Hilfsaktion in Karlsruhe für flutgeschädigte Kunstobjekte zieht Kreise

Das Hochwasser in Rheinland-Pfalz hat auch zahlreiche Kulturgegenstände schwer beschädigt. In Karlsruhe und etlichen anderen Städten leisten Museumsfachleute solidarische Hilfe.

Arbeit an der Rettung schwer beschädigter Museumsobjekte in einer Lagerhalle des ZKM Karlsruhe
Teamarbeit zur Rettung von Kulturobjekten wird in Karlsruher in einer Lagerhalle des ZKM geleistet. Dort widmet sich der Notfallverbund Karlsruhe schwer beschädigten Gemälden und Grafiken aus dem überfluteten Depot des Stadtmuseums Ahrweiler. Foto: Andrea Fabry

Es begann mit der schnellen Antwort auf eine SOS-Mail aus den Hochwassergebieten: Das Kunstministerium Rheinland-Pfalz hatte zahlreiche Museen um Hilfe gebeten, als klar wurde, dass die Flutkatastrophe vom Juli auch die Bestände des Stadtmuseums Ahrweiler zum großen Teil schwer beschädigt hatte.

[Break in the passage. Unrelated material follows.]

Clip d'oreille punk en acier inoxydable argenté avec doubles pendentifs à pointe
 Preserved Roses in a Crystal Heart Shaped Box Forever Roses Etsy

Christof Hierholzer, Sicherheitsbeauftragter des Zentrums für Kunst und Medien (ZKM), hatte mit Hinblick auf die Kompetenzen im Karlsruher Notfallverbund geantwortet. Seit zehn Tagen werden nun in einer Lagerhalle des ZKM rund 40 verschlammte Gemälde und mehrere hundert Druckgrafiken von Fachkräften behandelt.

An der Hilfsaktion beteiligen sich neben dem ZKM auch das Badische Landesmuseum, die Badische Landesbibliothek, die Kunsthalle Karlsruhe, die kommunalen und kirchlichen Archive in Karlsruhe, das Landesmuseum Württemberg, das Linden-Museum in Stuttgart, die Kunsthalle Mannheim sowie etliche freiberufliche Restauratorinnen und Restauratoren.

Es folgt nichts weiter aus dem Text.